Jason began his holiday weekend with an unpleasant surprise. When he checked his bank account on his iPad, he saw that it was overdrawn. It was overdrawn by a lot. More than two thousand dollars. Jason hadn’t made any huge withdrawals from his account, and neither had any other authorized person. Was he the victim of identity theft? Fraud? ATM skimmers? How could someone take out money that wasn’t there? It turns out that it was quite easy: it just required a one-digit error in the account number.

Warning: Jason’s e-mail to Consumerist contains copious rage-induced use of the F word. When you read what happened, you might understand why.

So here is how my 3 day weekend kicks off getting fucked over. I look at my iPad in the morning and I see my chase account is overdrawn by -$2,3xx.xxx. I call Chase’s 800 number speak to a rep. From what I was told the slip they have on file shows that 1 number is off from the account number. ARE YOU FUCKING KIDDING ME!?

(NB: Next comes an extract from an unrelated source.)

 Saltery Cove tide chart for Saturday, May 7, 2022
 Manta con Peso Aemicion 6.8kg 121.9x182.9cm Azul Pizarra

Did the teller did not check the name on the account? Let’s not mention the withdraw amount wasn’t even available. Also what manager approved the withdrawal when the funds weren’t a available and also why didn’t the manager check the name on the account to match with the slip.

I have been in the phone with Chase bank all day and they cannot issue me a refund as I have to wait 48 for the refund to hit. This is your fault chase and your telling me I have to wait 48hrs? This is fucking insane. Now if I have an emergency I have no access to my money whatsoever because I have no fucking money!!!!

We didn’t hear from Jason that he had experienced a catastrophic emergency. That’s no excuse for a teller at a Chase branch somewhere to go handing out thousands of dollars’ worth of his money that isn’t even in his account to strangers, though. Aren’t 21st-century banks set up specifically to avoid this kind of mess?